È qui che Gesù di Nazaret rinasce come Melù di Trieste.
Melù non è solo un nome - o suo diminutivo o vezzeggiativo -, né solo, chissà, una giovane filosofa immaginaria, magari triestina appunto. È archetipo e incarnazione, è la possibilità che Gesù di Nazaret si rigeneri nel corpo di chi non è mai stato al centro della narrazione cristiana.
A proposito: perché Gesù non potrebbe essere un comune, normale, tranquillamente assegnabile, nome femminile, così come - per dire - Lulù? Del resto Lulù - da ricerca eseguita con cura - pare essere il solo nome proprio femminile esistente che termini con la u accentata: non sarebbe il caso di detronizzare tale sorta di solitaria esclusiva? A Trieste, in destrutturazione, siamo brave e bravi.
Trieste, città di confine, di passaggi, di mescolanze, diventa il luogo simbolico di questa nuova cristologia: una cristologia relazionale, onnigamica, femminile e post-patriarcale.
Il termine “onnigamico”, ispirato a Charles Fourier, non è una semplice provocazione linguistica. È una proposta teologica: pensare la salvezza non come evento verticale, ma come rete orizzontale di relazioni affettive, politiche, corporee. In questa rete, il corpo non è più oggetto di redenzione, ma soggetto teologico. Le donne, le dissidenze di genere, le marginalità sociali non sono più “destinatarie” del messaggio cristiano, ma autrici di una nuova narrazione.
Il Piano Condor ha tentato di spegnere le voci della liberazione. Ma quelle voci, oggi, si sono trasformate. Non gridano più solo nelle piazze, ma cantano nei corpi, nei gesti quotidiani, nelle pratiche relazionali. La teologia della liberazione si è fatta teologia dell’incarnazione plurale.
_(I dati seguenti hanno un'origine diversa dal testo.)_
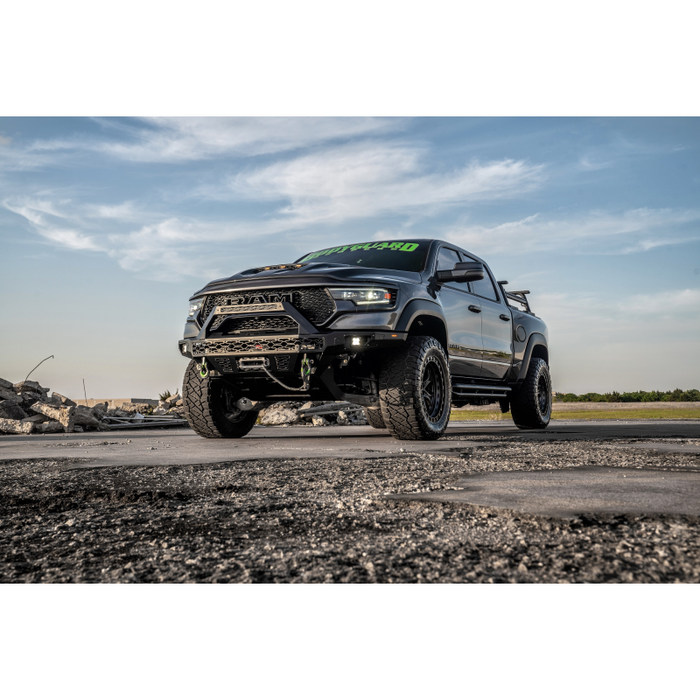 Bodyguard Freedom Front Baja Winch Mount Sensor Cutouts W/O Mesh Grille With Camera Harness & Pod Texture Black Powder Coat Model LBR21LYTNB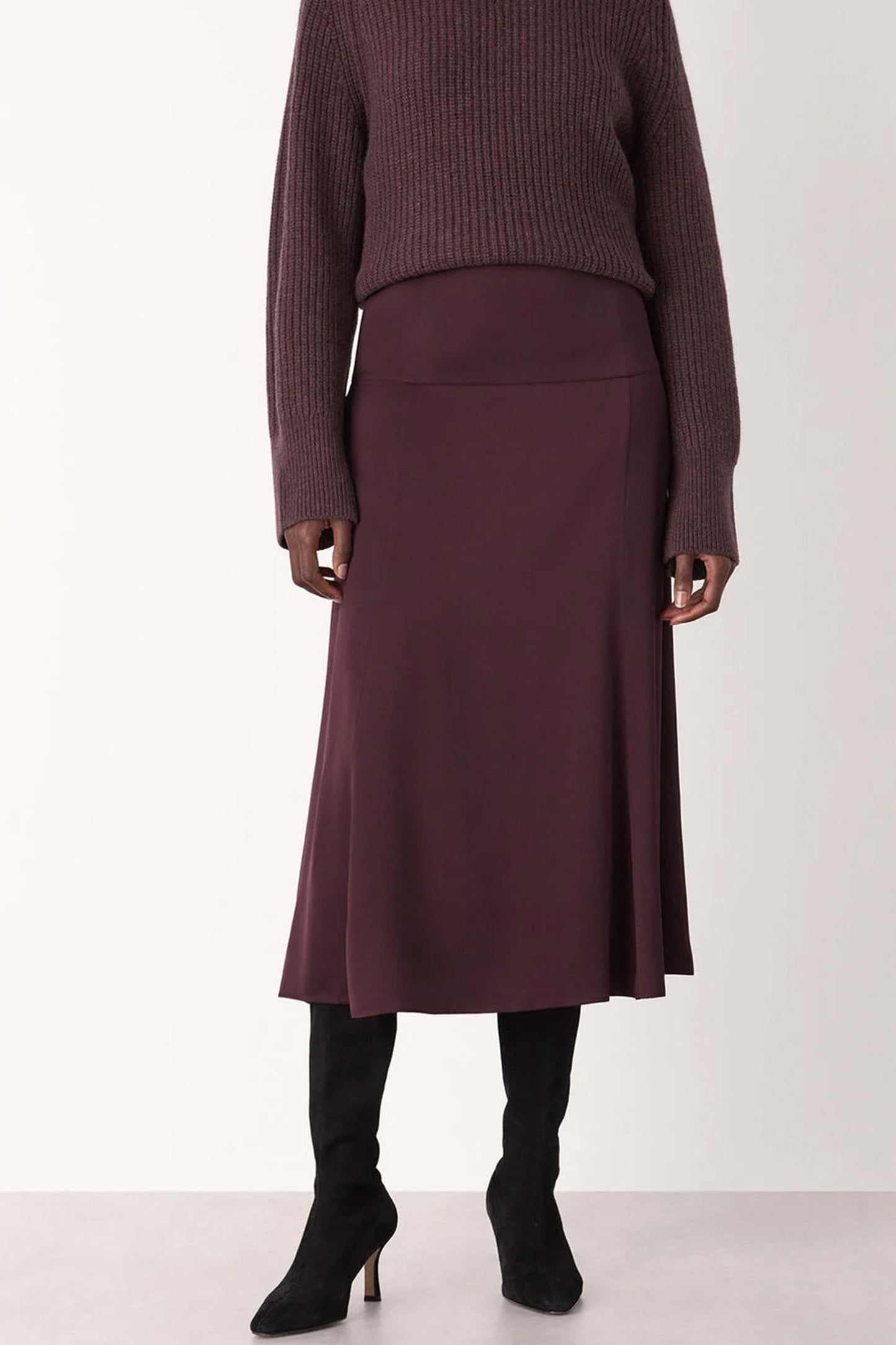 Burgundy Midi Satin Bias Skirt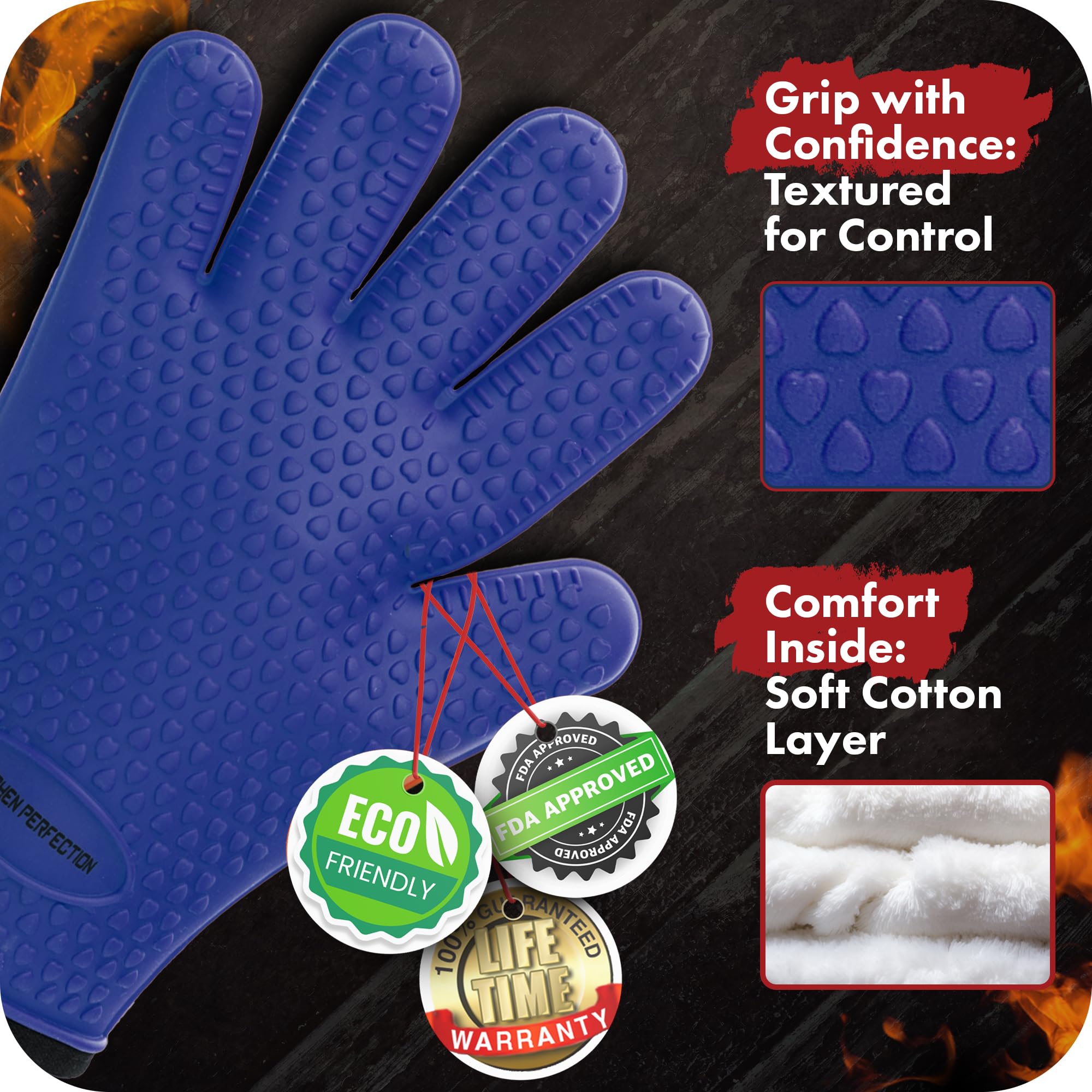 Guantes Kitchen Perfection: capa interior de algodón para mayor comodidad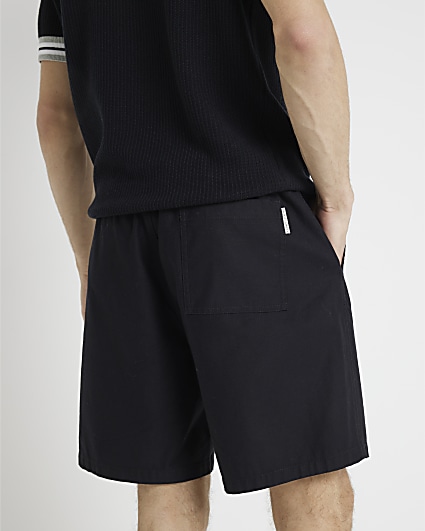 Black regular fit pull on casual shorts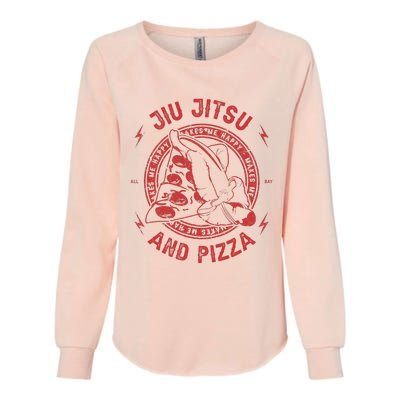 Jiu Jitsu And Pizza Funny Jujitsu BJJ and Mixed Martial Arts Womens California Wash Sweatshirt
E in questa incarnazione, Melù di Trieste è il volto nuovo del Cristo che non salva, ma si lascia salvare, che non domina, ma si relaziona, che non giudica, ma ascolta.
Questo editoriale è dunque, o vorrebbe essere, l’apertura di un progetto di studio e di riflessione che intenda:
• indagare la genealogia del potere teologico, da Nicea al Condor, per comprendere come si è costruita l’idea di salvezza come dominio;
• rileggere la teologia della liberazione alla luce delle voci femministe latinoamericane, da Ivone Gebara a Elsa Tamez;
• restituire al corpo — femminile, queer, migrante — la sua centralità teologica, come spazio di incarnazione e di resistenza;
• elaborare una cristologia relazionale e onnigamica, capace di destrutturare il paradigma salvifico maschile e aprire nuove prospettive comunitarie;
• utilizzare Trieste come crocevia simbolico e reale di questa trasformazione, città di confine che diventa metafora teologica.
Non si tratta di sostituire Gesù con Melù, ma di riconoscere che Cristo è già stato molte cose, e può ancora essere molte altre.
Che la salvezza non è un evento concluso, ma una relazione in divenire.
Che il corpo di Cristo è oggi il corpo di chi resiste, di chi ama, di chi crea legami.
Cinquant’anni dal Piano Condor. Mille e settecento da Nicea. E Gesù di Nazaret è diventata Melù di Trieste.
Dove abita? Chi frequenta? Che numero di cellulare e mail ha?
Melù di Trieste, alias Gesù di Nazaret in forma femminile - storicamente inaudita e impossibile - si oppone al potere e pronuncia, e scrive, parole di nuovo impegno, culturale e politico.